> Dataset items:
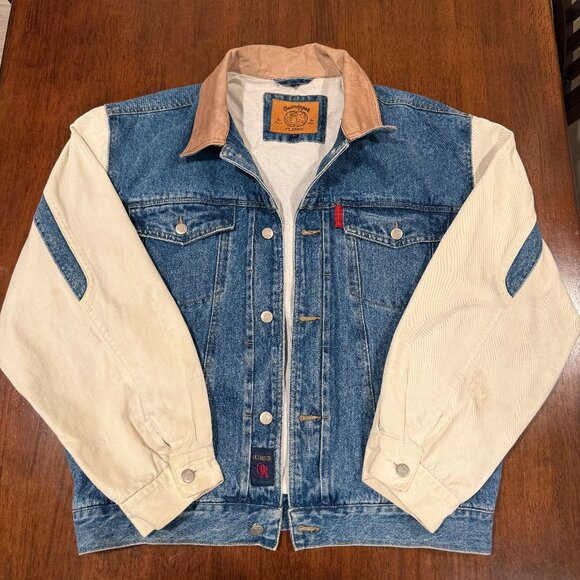 90s Vintage Outrigger Classic Denim Varsity Jacket – 100% Cotton, Leather Trim, - Picture 1 of 7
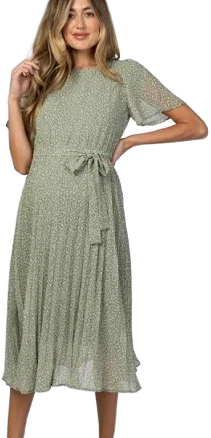 Pinkblush Light Olive Leaf Print Pleated Maternity Midi Dress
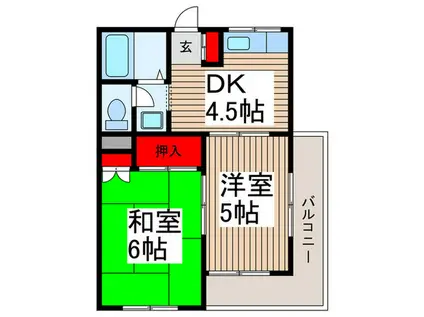 おうぎハイツ(2DK/3階)の間取り写真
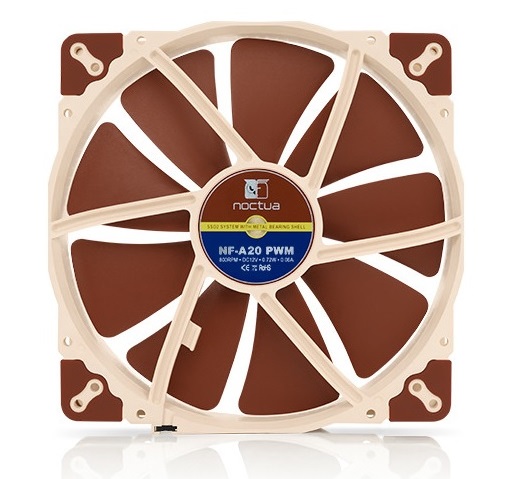  200mm Fan: Noctua A-Series A20-PWM<br> 200mm 4-Pin PWM Fan, 800 RPM, 18.1 dB(A)  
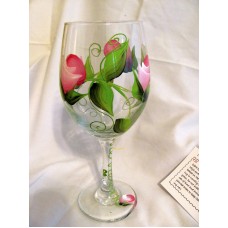  Set of 2 Hand Painted Wine Glasses...FUN ROSE Design   332726003981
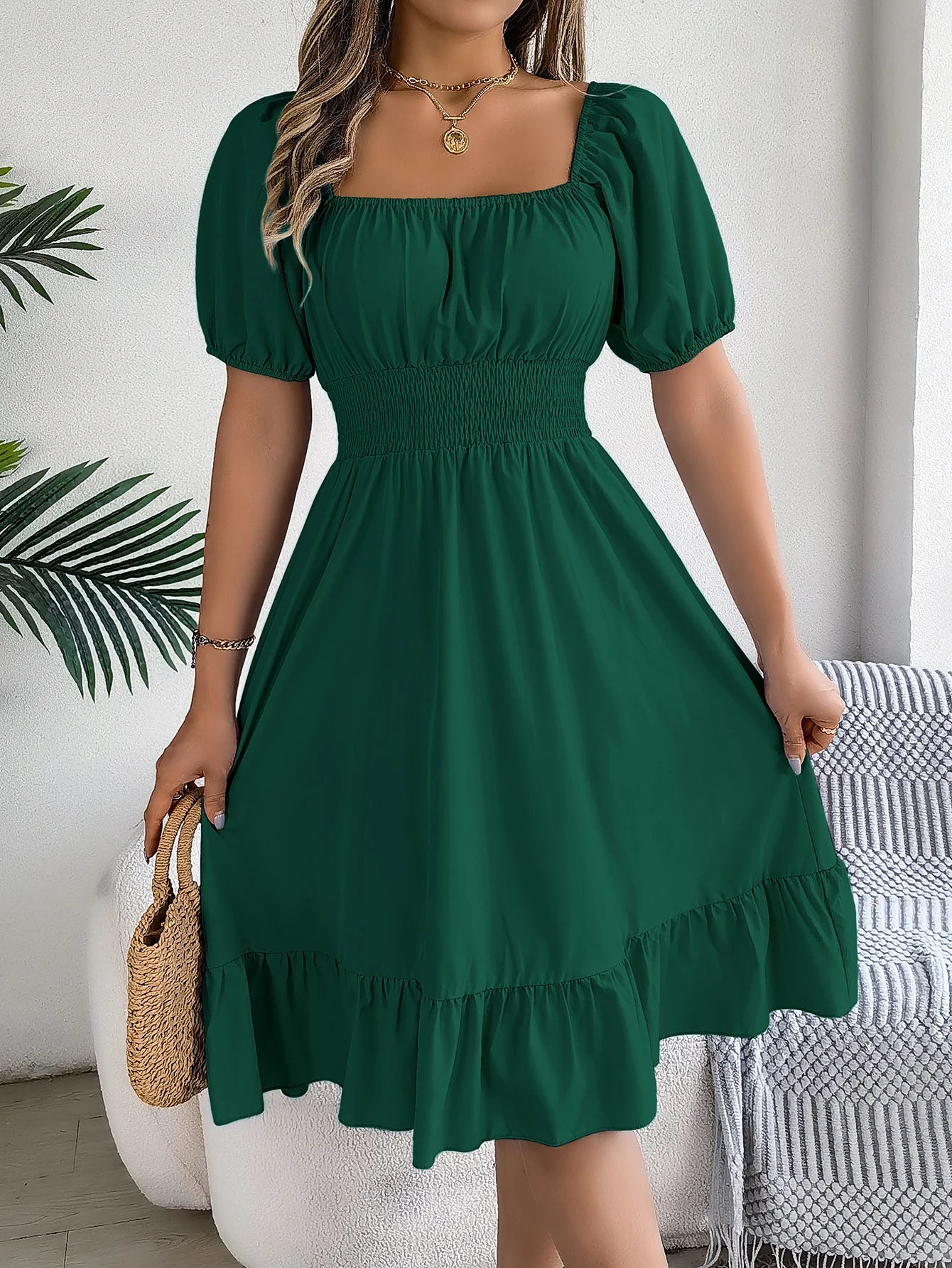 Women's Solid Puff Sleeve Square Neck Dress™ Ruched Bust Ruffle Hem Waist Dress,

> WORK REQUIRED: Retype, without any picture, exactly the lines from the one with "おうぎハイツ(2DK/3階)の間取り写真" through the end of the entries, inclusive.

> ANSWER SPACE:
 おうぎハイツ(2DK/3階)の間取り写真
  200mm Fan: Noctua A-Series A20-PWM<br> 200mm 4-Pin PWM Fan, 800 RPM, 18.1 dB(A)  
  Set of 2 Hand Painted Wine Glasses...FUN ROSE Design   332726003981
 Women's Solid Puff Sleeve Square Neck Dress™ Ruched Bust Ruffle Hem Waist Dress,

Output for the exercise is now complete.